TASK TO CARRY OUT: In the listing below, find the line containing "Комплект (290х170см.) шторка" and the line containing "Thrustmaster T-Wireless Black". Repeat exactly those two lines and every line between them.

MATERIAL FOR THE TASK:
__________________________________________________
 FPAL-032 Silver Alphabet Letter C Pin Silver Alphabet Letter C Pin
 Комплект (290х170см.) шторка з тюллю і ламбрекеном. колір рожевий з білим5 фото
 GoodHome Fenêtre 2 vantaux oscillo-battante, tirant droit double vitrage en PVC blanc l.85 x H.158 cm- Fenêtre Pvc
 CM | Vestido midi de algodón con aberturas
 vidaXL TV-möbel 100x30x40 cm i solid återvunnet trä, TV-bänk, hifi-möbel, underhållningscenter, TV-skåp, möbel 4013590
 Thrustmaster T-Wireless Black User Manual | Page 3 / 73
__________________________________________________
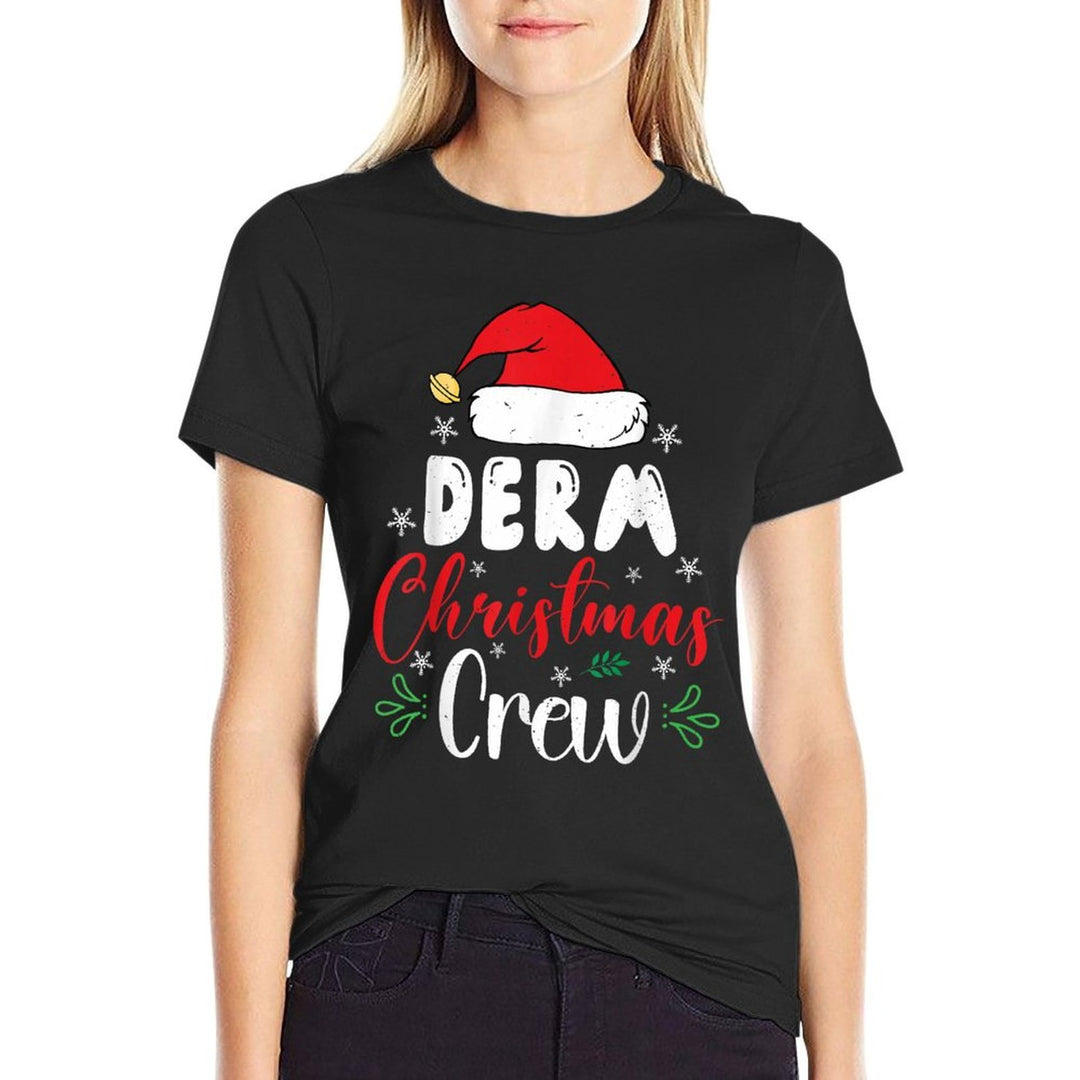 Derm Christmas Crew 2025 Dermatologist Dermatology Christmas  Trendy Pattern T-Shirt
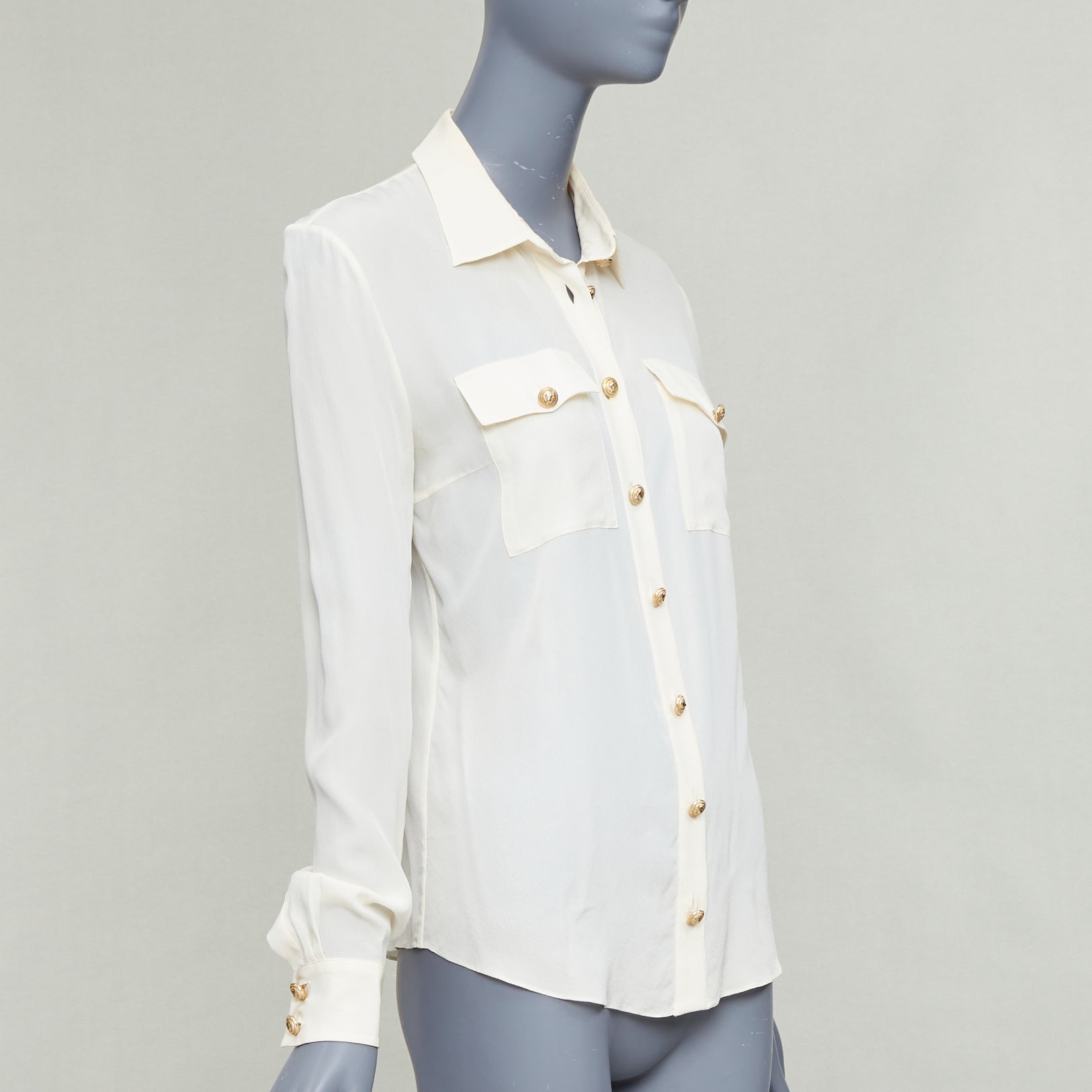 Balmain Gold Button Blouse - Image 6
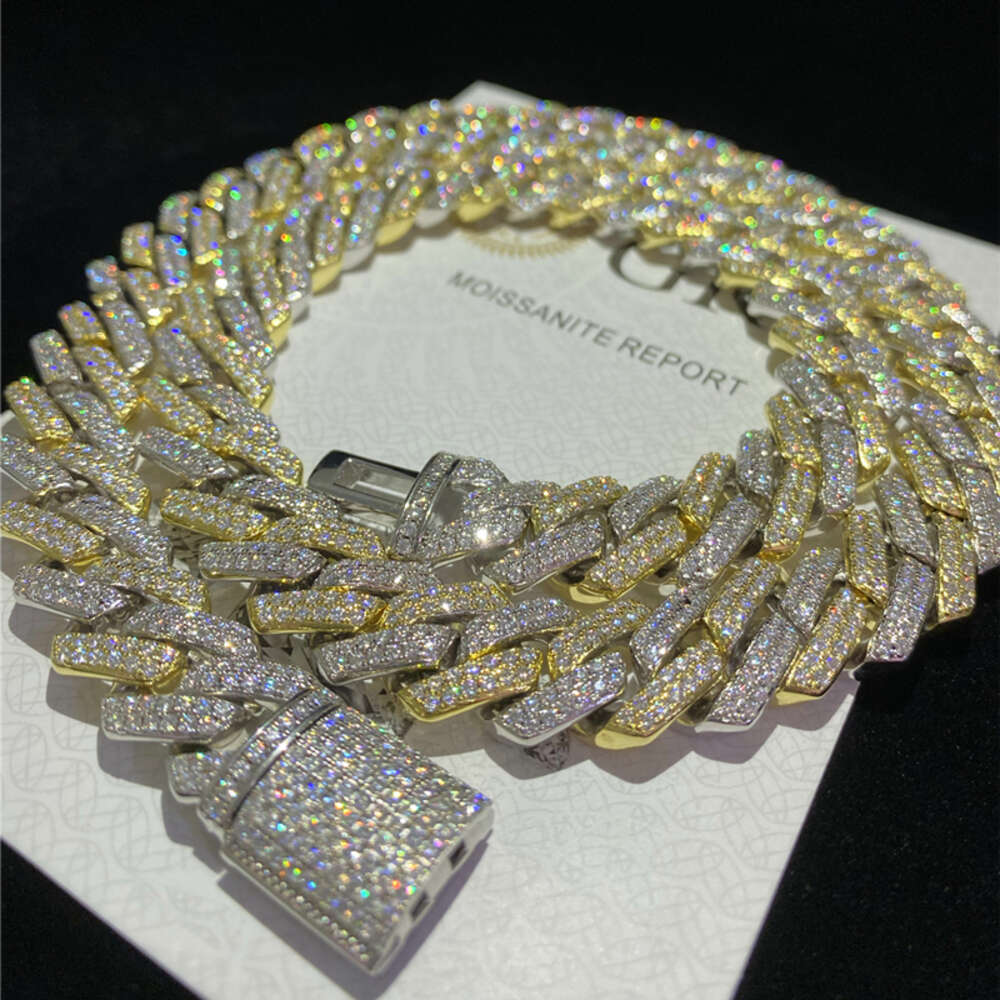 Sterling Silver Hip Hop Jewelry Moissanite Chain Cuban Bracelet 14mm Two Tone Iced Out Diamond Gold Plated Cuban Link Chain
__________________________________________________
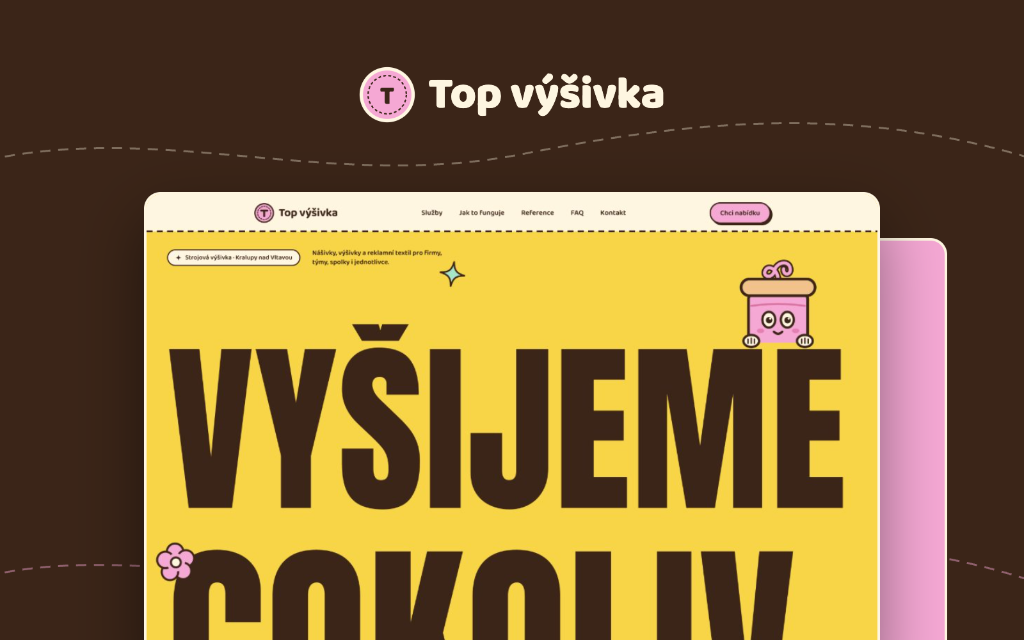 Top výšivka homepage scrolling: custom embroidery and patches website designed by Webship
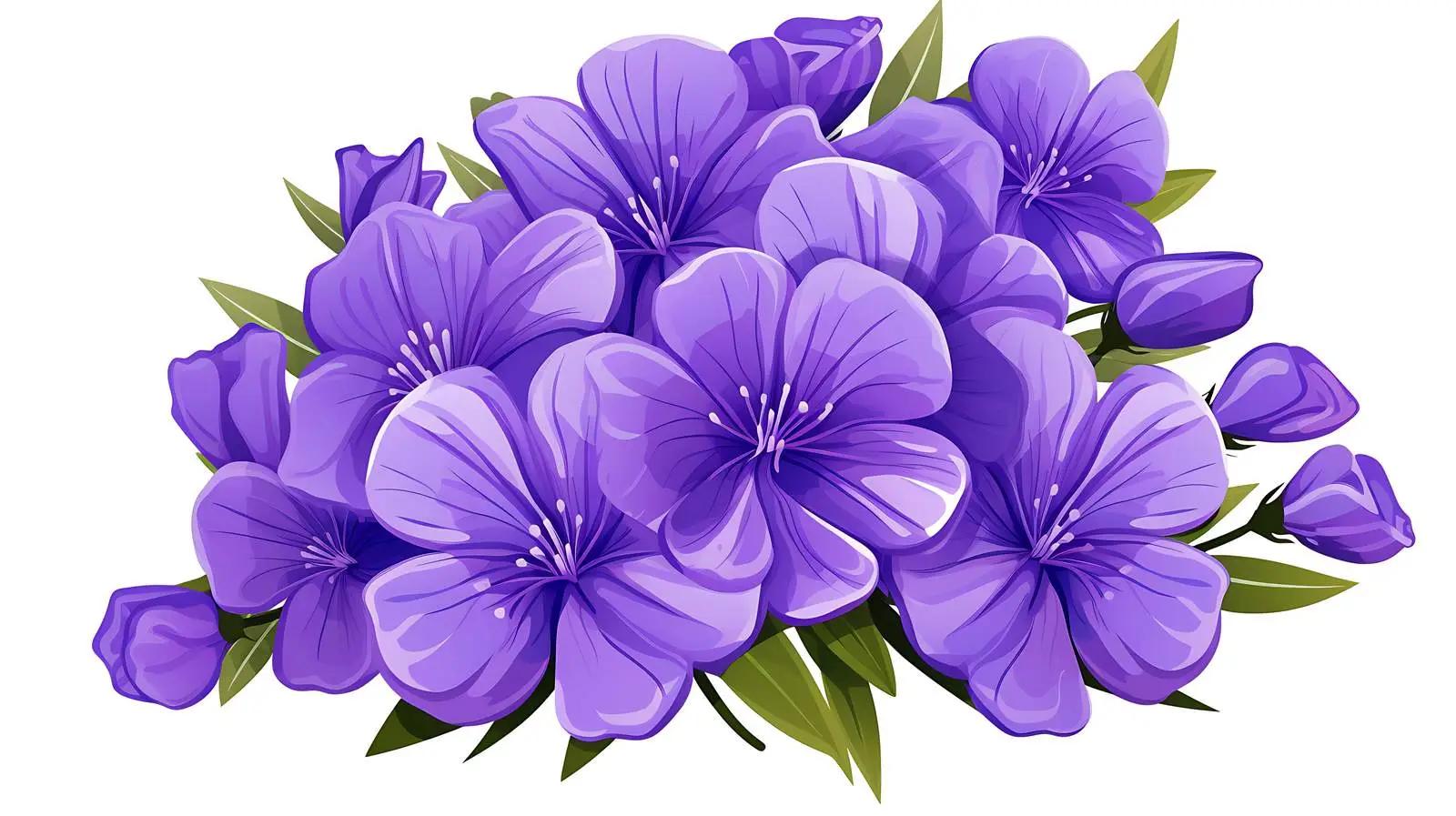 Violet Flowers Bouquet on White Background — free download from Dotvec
__________________________________________________
FINAL ANSWER:
 Комплект (290х170см.) шторка з тюллю і ламбрекеном. колір рожевий з білим5 фото
 GoodHome Fenêtre 2 vantaux oscillo-battante, tirant droit double vitrage en PVC blanc l.85 x H.158 cm- Fenêtre Pvc
 CM | Vestido midi de algodón con aberturas
 vidaXL TV-möbel 100x30x40 cm i solid återvunnet trä, TV-bänk, hifi-möbel, underhållningscenter, TV-skåp, möbel 4013590
 Thrustmaster T-Wireless Black User Manual | Page 3 / 73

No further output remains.